1日1回の服用で、24時間効果が長続きします。
アレジオン20とアレグラFXを含め、現在市販されているアレルギー性鼻炎の市販薬の中で効果が一番高いという意見もあります。

ストナリニZ

第二世代抗ヒスタミン薬であるストナリニZは、コンタック鼻炎Zと同じく主成分セチリジン塩酸塩を10mg配合しています。
1日1回でOKなところも同じです。

第1類医薬品から第2類医薬品へ

上記のアレジオン20・アレグラFX・コンタック鼻炎Z・ストナリニZは、第1類医薬品として2015・2016年は取り扱われていましたが、2017年~は第2類医薬品に変更されています。
第1類医薬品だった頃は、薬局など薬剤師さんがいる店舗でしか買えない市販薬でした。
しかし、第2類医薬品である現在は薬剤師さんがいないお店でも入手できるようになりました。
急な症状で困ったときなどにすぐ購入できるよう、早めに近所で扱っているお店をチェックしておいてはいかがでしょう。

治療とマメな清掃で症状緩和を

日本人の2.5人に1人は、アレルギー性鼻炎の悩みを抱えています。
その中でなにもせずに自然治癒する人の割合は、10%くらいとかなり少数。
アレルギー性鼻炎は体質なので、多くの患者さんは長期間に渡ってつき合っていかなければなりません。

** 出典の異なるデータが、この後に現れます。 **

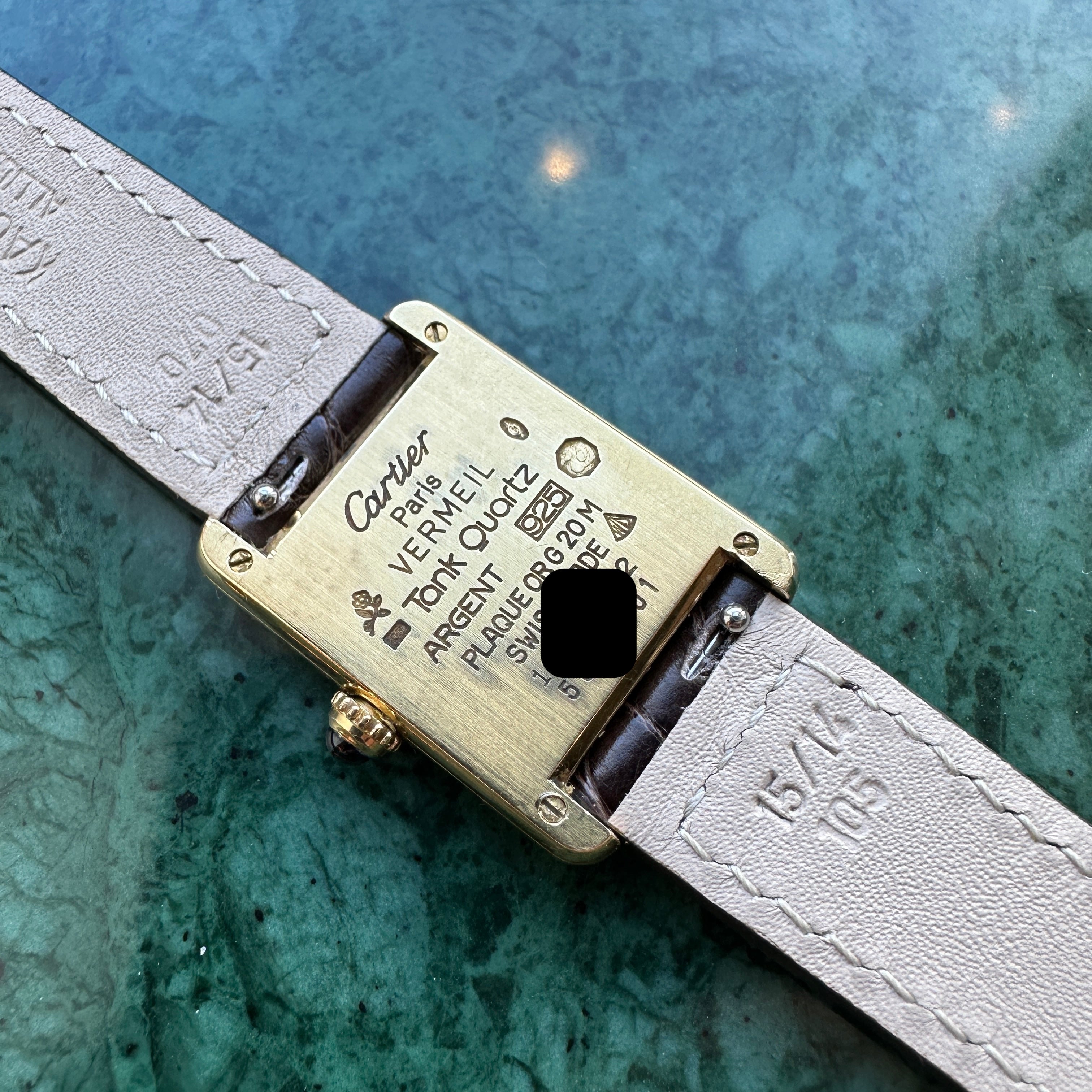 Rückseite einer Cartier Tank Vermeil mit Gravuren und einem hellbeigen Lederarmband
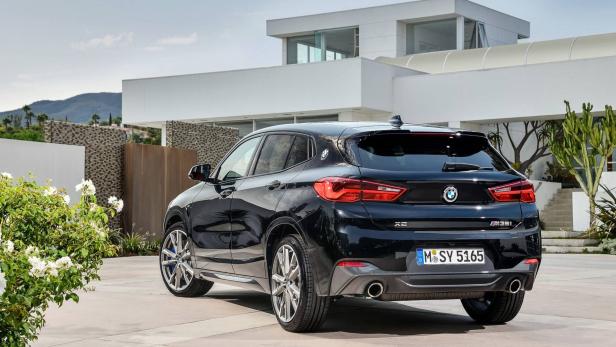 Ein schwarzer BMW X2 M35i steht vor einem modernen Haus.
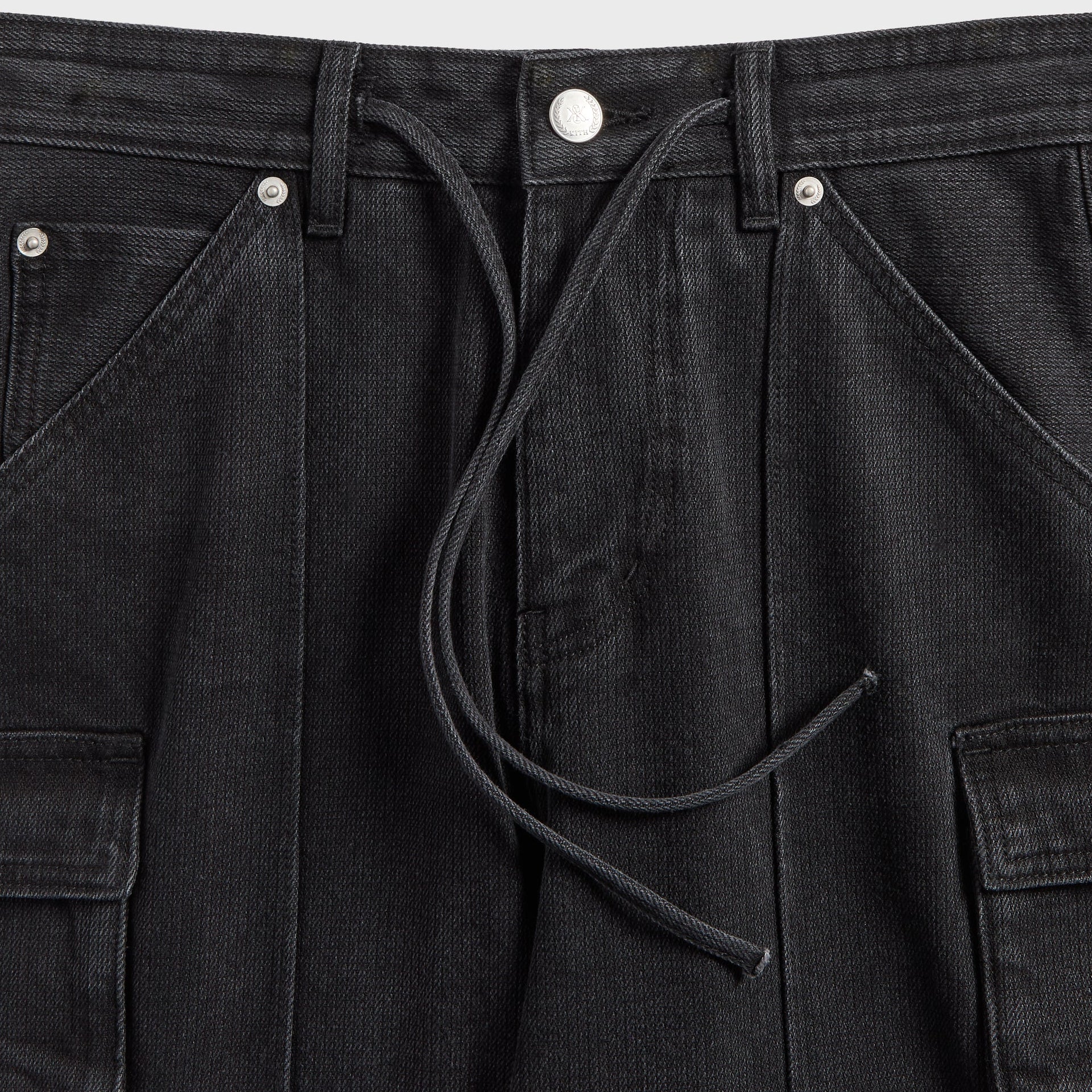 Close-up of the drawstring waist and cargo pocket on the Kith Zane cargo pant in black denim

くしゃみ、鼻水、鼻づまりなどの症状を抑えるためには、ダニ対策など生活空間の清掃を行うことです。
鼻風邪というと軽視されがちですが、アレルギー性鼻炎の方は二重に病気を発症することになりますので、長期化しますから日頃から予防を徹底してください。
アレルギー性鼻炎は薬物療法が中心ですが、レーザー手術などの外科的対策もあります。
市販薬を利用していてなかなか改善が見込めない場合は、耳鼻咽喉科で適切な治療を受けましょう。